● WHAT IS BEING ASKED
Every line in the records below between the one holding "Zoom F6 MultiTrack Field Recorder" and the one holding "CBE SINGLE SWITCH", inclusive, is to be set down exactly; all other lines are to be left out.

● EXTRACTED MATERIAL
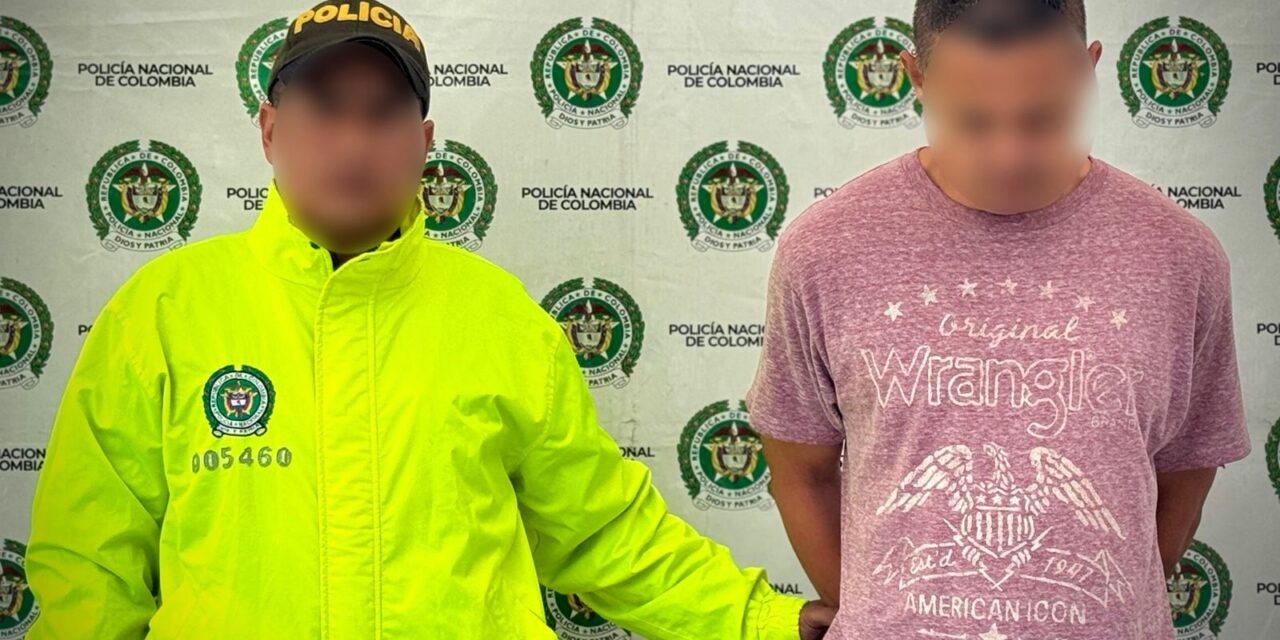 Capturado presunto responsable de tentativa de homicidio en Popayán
...
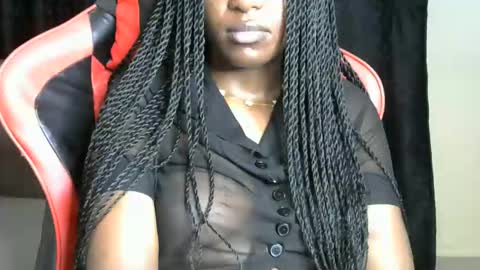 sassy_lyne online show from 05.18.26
==
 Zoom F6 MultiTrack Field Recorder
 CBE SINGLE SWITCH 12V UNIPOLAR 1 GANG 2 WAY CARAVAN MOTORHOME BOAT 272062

● YOUR SOLUTION
 Zoom F6 MultiTrack Field Recorder
 CBE SINGLE SWITCH 12V UNIPOLAR 1 GANG 2 WAY CARAVAN MOTORHOME BOAT 272062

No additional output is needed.